Energy & Force Regression on DFT Trajectories is Not Enough for Universal Machine Learning Interatomic Potentials
Santiago Miret, Kin Long Kelvin Lee, Carmelo Gonzales, Sajid Mannan, N. M. Anoop Krishnan
TL;DR
This work argues that regressing energies and forces on DFT trajectories is insufficient for universal interatomic potentials intended for device-scale simulations. It outlines three pillars: (i) higher-accuracy training data such as CCSD(T) to replace or augment DFT labels, (ii) MLIP metrology combining large-scale benchmarking, visualization of energy landscapes, and interpretability analyses, and (iii) computationally efficient inference workflows suitable for MD at large scales. The authors detail limitations of DFT, data sparsity across materials, and the need to align simulations with experimental observables, advocating open-source data generation and differentiable simulation tooling. They conclude with a call for hardware-software co-design and data-centric MLIP development to realize quantum-accurate, device-scale predictions in real-world materials systems.
Abstract
Universal Machine Learning Interactomic Potentials (MLIPs) enable accelerated simulations for materials discovery. However, current research efforts fail to impactfully utilize MLIPs due to: 1. Overreliance on Density Functional Theory (DFT) for MLIP training data creation; 2. MLIPs' inability to reliably and accurately perform large-scale molecular dynamics (MD) simulations for diverse materials; 3. Limited understanding of MLIPs' underlying capabilities. To address these shortcomings, we aargue that MLIP research efforts should prioritize: 1. Employing more accurate simulation methods for large-scale MLIP training data creation (e.g.
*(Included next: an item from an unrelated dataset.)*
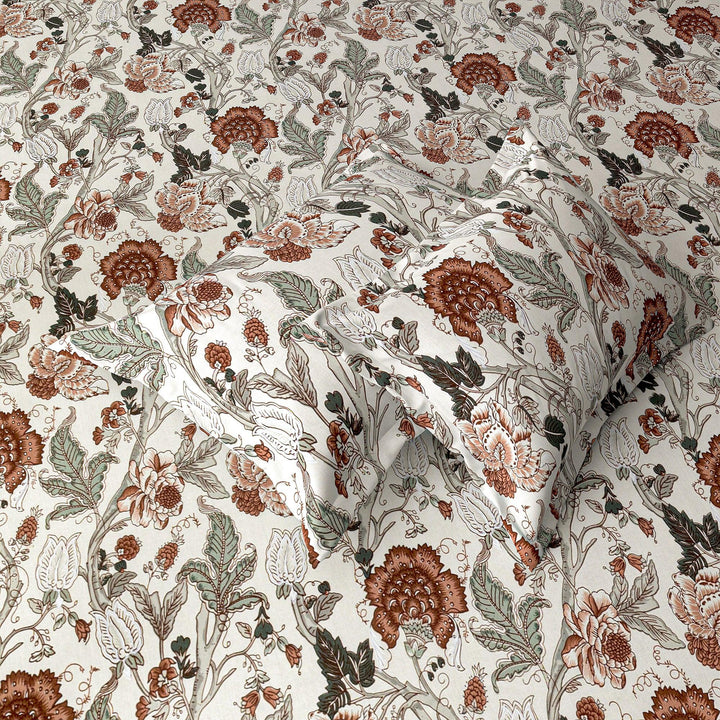 Cotton Printed Fitted Bedsheet with Pillow Covers (Malhaar Collection 100% Cotton & 180 TC) - Trance Home Linen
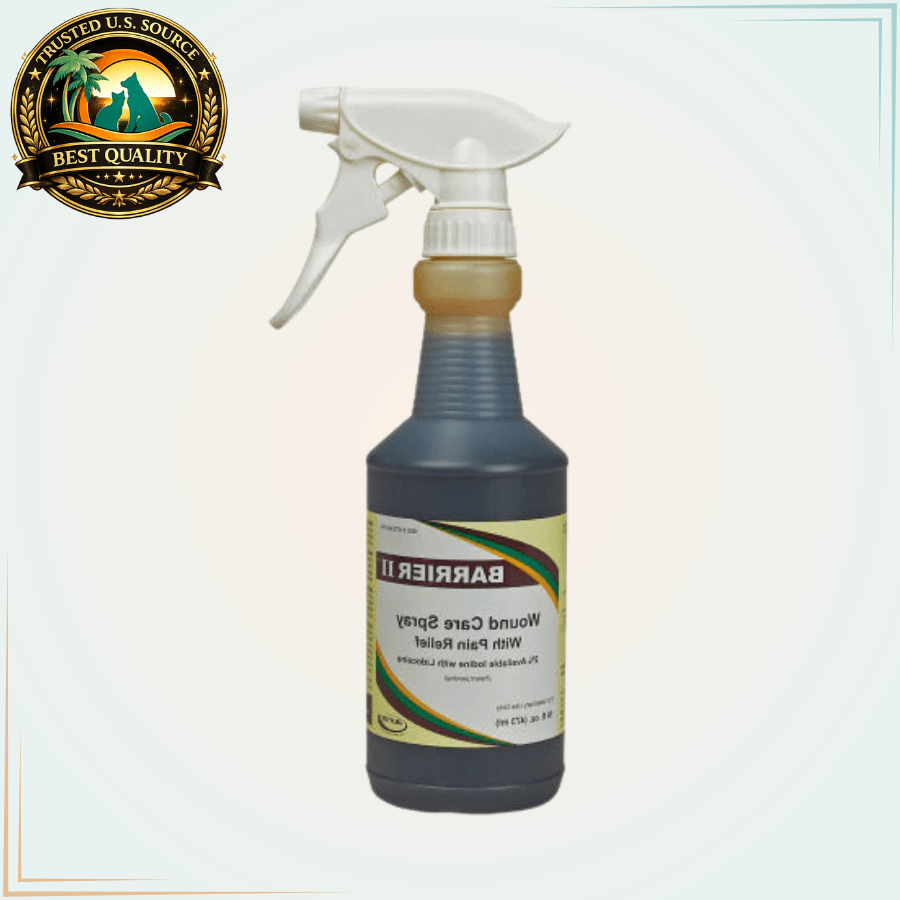 Barrier II Wound Care Spray with Lidocaine for Pain Relief - 16 oz. - Calvetsupply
Coupled Cluster Theory) that cover a wide range of materials design spaces; 2. Creating MLIP metrology tools that leverage large-scale benchmarking, visualization, and interpretability analyses to provide a deeper understanding of MLIPs' inner workings; 3. Developing computationally efficient MLIPs to execute MD simulations that accurately model a broad set of materials properties. Together, these interdisciplinary research directions can help further the real-world application of MLIPs to accurately model complex materials at device scale.